映画ビジネスコラム
<考察>『ONE PIECE FILM RED』記録破りの大ヒットを生んだ戦略と時代背景
<考察>『ONE PIECE FILM RED』記録破りの大ヒットを生んだ戦略と時代背景
推しの晴れ舞台としての映画館
ネット時代にコンテンツの流通は、劇的に変化しました。
音楽ならいつでもサブスクリプションサービスで聞き放題、ミュージックビデオもYouTubeでたくさん観られるようになり、音楽コンテンツを消費するならお金はそれほどかかりません。代わりに音楽産業の重要な収益源として、ネットで体験できないライブが重要視されるようになりました。
映画やアニメについても、Netflixに代表されるサブスクリプションサービスが伸長し、多くのコンテンツを低価格で利用できるようになっています。音楽同様、映画やアニメにも非日常の体験が重要になってきていると言えるでしょう。
映画館が配信に対して活路を見出すとすれば、非日常の体験であり、ライブのように「推しの晴れ舞台」を一緒に味わえるかどうかが鍵になるでしょう。
映画館は今、二次元キャラクターにとっての晴れ舞台と認識されています。バーチャルシンガーが武道館でコンサートする例はありますが、二次元キャラクターには映像を映す画面がどうしても必要であるため、現状一番大きな晴れ舞台は映画館なのです。
『劇場版「鬼滅の刃」無限列車編』公開時には「煉獄さん400億の男」のフレーズが流行りました。

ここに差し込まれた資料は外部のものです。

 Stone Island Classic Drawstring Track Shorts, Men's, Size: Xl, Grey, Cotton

このフレーズは興行収入400億円の大記録を達成したファンの喜びを、キャラクターと共にに分かち合いたい気持ちを端的に表していると思います。二次元キャラクターの晴れ舞台としての映画館を象徴する言葉でしょう。要するに、映画館で記録を打ち立てることは、二次元キャラクターにとっての一種のステータスのように感じられているのではないでしょうか。

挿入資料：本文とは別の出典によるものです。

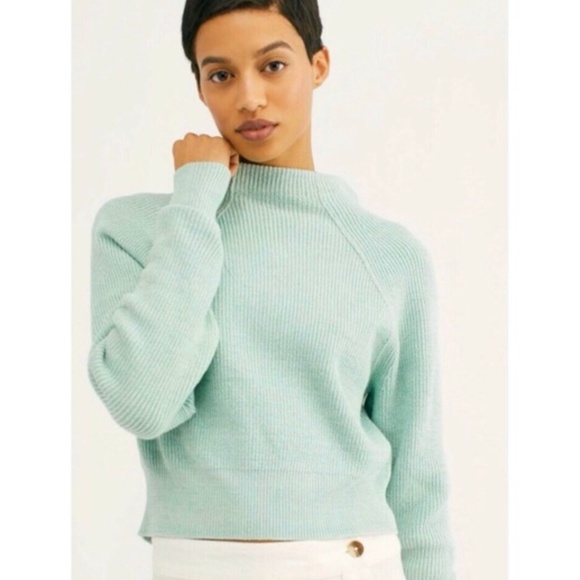 Free People Sweaters - Free People Too Good Knit Mock Neck Sweater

この現象は『劇場版 呪術廻戦 0』の主人公、乙骨憂太にも見られた現象です。毎年大きな数字を叩き出す『名探偵コナン』シリーズも、近年は人気キャラの誰かをフィーチャーするストーリー作りを心がけています。
では『ONE PIECE FILM RED』は誰の晴れ舞台だったかというと、やはりシャンクスです。
シャンクスは、本編でも活躍が描かれていない分、映画館という晴れ舞台での期待はその分大きくなったのでしょう。しかも実は娘がいたという事実が明かされたため、ファンにとっては相当気になる内容だったはずです。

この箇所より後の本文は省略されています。